HHS to Add Medicare, Medicaid Data to Autism Platform

EMR Industry
  • The Department of Health and Human Services (HHS) is launching an initiative to enhance autism and chronic conditions understanding using data integration.

  • The initiative centralizes vast amounts of personal medical and behavioral data, raising concerns about its potential exploitation and security.

  • Medicare and Medicaid claims data, which includes detailed patient information, forms the backbone of HHS’s new research platform.

  • Claims data, covering a broad population, provides a comprehensive snapshot of a person’s healthcare journey, raising privacy concerns.

  • The platform will integrate EHRs, real-time patient-centered documents, potentially turning them into highly detailed medical dossiers for research purposes.

  • Adding wearable data introduces concerns about continuous behavioral data being used for surveillance, potentially without clinical context or oversight.

  • The platform may include private sources like Fitbit or Apple, but participants may not fully understand the scope of data sharing.
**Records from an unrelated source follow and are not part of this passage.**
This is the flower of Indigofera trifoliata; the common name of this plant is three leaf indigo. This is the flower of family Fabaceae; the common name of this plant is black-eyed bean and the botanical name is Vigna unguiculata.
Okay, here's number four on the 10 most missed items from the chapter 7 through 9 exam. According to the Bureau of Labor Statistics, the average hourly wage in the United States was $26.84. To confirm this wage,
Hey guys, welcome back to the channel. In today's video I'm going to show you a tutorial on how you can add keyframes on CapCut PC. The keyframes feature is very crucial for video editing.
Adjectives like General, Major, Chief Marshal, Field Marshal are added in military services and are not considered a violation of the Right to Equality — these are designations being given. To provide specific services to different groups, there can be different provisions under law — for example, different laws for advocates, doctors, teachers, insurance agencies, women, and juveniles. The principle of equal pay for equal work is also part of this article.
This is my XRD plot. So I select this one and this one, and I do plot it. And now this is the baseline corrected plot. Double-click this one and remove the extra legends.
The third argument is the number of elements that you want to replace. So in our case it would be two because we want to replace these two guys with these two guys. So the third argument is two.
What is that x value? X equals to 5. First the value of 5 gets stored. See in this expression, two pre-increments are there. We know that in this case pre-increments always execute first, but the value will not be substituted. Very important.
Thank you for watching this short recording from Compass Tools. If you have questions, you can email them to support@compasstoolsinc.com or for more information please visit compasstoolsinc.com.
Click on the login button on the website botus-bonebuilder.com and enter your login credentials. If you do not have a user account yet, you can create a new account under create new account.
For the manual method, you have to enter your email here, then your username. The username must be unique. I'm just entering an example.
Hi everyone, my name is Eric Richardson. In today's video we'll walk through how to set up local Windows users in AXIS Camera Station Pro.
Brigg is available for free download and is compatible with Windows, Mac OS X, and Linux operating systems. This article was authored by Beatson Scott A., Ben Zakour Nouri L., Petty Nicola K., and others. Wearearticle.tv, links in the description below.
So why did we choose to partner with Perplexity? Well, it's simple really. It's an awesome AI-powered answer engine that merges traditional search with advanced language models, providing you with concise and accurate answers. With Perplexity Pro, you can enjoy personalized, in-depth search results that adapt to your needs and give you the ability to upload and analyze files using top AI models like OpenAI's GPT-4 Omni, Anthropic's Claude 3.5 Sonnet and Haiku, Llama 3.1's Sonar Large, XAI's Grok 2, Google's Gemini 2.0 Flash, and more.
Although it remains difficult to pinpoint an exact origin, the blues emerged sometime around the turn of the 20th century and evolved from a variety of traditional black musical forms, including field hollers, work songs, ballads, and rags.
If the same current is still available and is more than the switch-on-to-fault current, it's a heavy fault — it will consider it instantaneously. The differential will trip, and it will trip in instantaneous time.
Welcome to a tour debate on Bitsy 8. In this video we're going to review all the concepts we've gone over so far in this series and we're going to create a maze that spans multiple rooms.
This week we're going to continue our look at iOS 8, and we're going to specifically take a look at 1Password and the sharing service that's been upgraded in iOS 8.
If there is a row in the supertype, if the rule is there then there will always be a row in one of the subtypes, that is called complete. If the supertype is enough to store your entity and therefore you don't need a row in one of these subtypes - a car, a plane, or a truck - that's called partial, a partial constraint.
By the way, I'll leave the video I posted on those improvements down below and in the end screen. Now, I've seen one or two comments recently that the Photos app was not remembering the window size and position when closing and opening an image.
  • NIH’s “All of Us” program collects wearable data, indicating that once centralized, data systems tend to expand rather than shrink.

  • The platform will incorporate immutable genomic and lab results, raising concerns about the permanent storage of sensitive genetic data.

  • The U.S. Constitution didn’t envision centralized health data storage; states already run effective surveillance programs with local oversight.

  • Expanding autism research doesn’t require a massive federal system, as existing programs already collect meaningful data with ethical guidelines.

  • A national platform with no clear limits or oversight could create long-term surveillance risks, with potentially unintended consequences.

  • History shows that once surveillance powers are granted, they tend to expand, increasing the risk of data misuse and control.

  • Centralizing genomic and behavioral data raises concerns about creating a surveillance tool for profiling, control, or political purposes.